There is a famous and popular picture by Shishkin, entitled Morning in a Pine Forest. When he painted it, his friend added young bears to it, and it instantly became one of the favourite pictures in the gallery. The bears give scale and a sort of human touch (they also make the picture more chocolate-boxy). My point here is that sheep turn up in so many landscapes for similar reasons, even if they were painted from the beginning rather than added later, and even if they were real sheep that the artist was looking at. Sheep may safely graze and the scene is all set. And it’s not just pictures. The Staffordshire potters are using the same shorthand.
Sheep in the mists of time
Animals don’t alter as much and as fast as people do, so I think we can reckon that a flock of sheep in the days of Abel, Jacob, Moses, David and indeed in Jesus’ own time, would have operated in very similar ways. Even nowadays, the sheep and the people are similar, even if the modern shepherd has access to new technology.
Sheepdogs vary only by breed around the world, and Welsh collies tend to be gentler than the Georgian shepherd’s dogs, but then the latter might have to cope with wolves and lynxes instead of foxes. Some shepherds nowadays use quad bikes, but most will still be walking, and the dog is there to save their legs and keep the flock together.
This gives a shepherd a lot of time to think and plenty of fresh air (I’m sure too much sometimes). He or she is usually working in beautiful surroundings, hills and mountains, because sheep flourish there where the grass is not rich enough for cattle. (But there’s also a flock of sheep that grazes the perimeter at Heathrow, which I find unexpected but delightful.) There’s one British Member of Parliament who is a part-time shepherd, and you can see the attraction of the contrast between herding sheep and the House of Commons. More than one shepherd has been a poet. And David of course, King and psalm writer and composer, was a shepherd in his youth.
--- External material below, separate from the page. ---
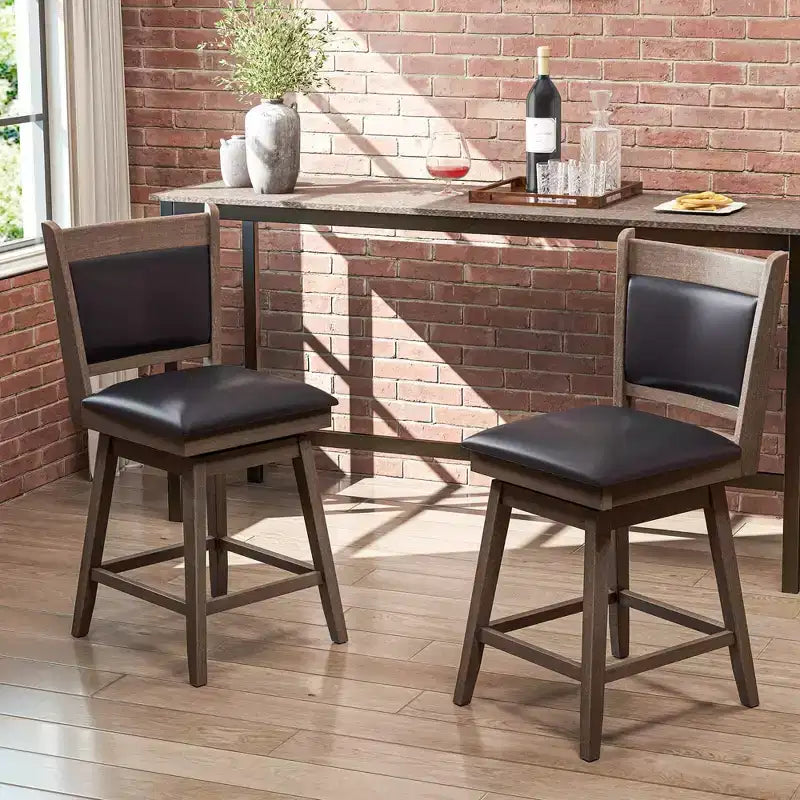 Lot de 2 tabourets de bar pivotants Costway 25" avec dossier, pieds en bois de caoutchouc, repose-pieds robuste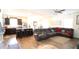 Open living space with kitchen, island, and sectional sofa at 7229 Deering Ct, Douglasville, GA 30134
The link between shepherds and music is very strong. Many shepherd crib figures for Christmas will have a pipe of some kind. Often they have two they can play at once (I’ve seen this in Georgia and Serbia, and it’s very impressive).
Sometimes it’s a version of bagpipes. The illustrations of shepherds in manuscripts often show them playing and dancing. Much more unlikely, but great fun, are the pictures of sheep playing musical instruments, and the psalmist has singing sheep in Ps 99/100.
Jesus does it too
Why does Jesus talk about sheep? Mostly because of the OT references, but also through observation, I think. When he spends time alone in the desert, when he walks the mountains with the disciples, when he goes off on his own, he would often have come across flocks and their shepherds.
He uses sheep in parables because everyone would have known what he was talking about. It is interesting that one psalm (118/119) contains in close proximity a reference to God’s word as a treasure (‘I take delight in your promise like one who finds a treasure’) and an appeal for help ‘I am lost like a sheep; seek your servant’. In the New Testament, we have the parables of the pearl of great price, the treasure found in a field (Matthew 13) and later of the lost single sheep in the flock of ninety-nine (Mtt 18).
In the Old Testament, the great Shepherd is God. This would have been Jesus’ understanding of Ps 22/23 too. So when Jesus says, I am the Good Shepherd’, it is indeed a mindblowing claim for the Jews who are listening to him. It means that he is leader, protector, defender….and God. But in case we find this too intimidating, he says, ‘I know my own, and my own know me’. Sheep don’t worry about, or argue with their shepherd. They trust him, because they know him. Sometimes they even run off and get themselves lost; but he will find them again, and bring them home. It’s a very comforting image.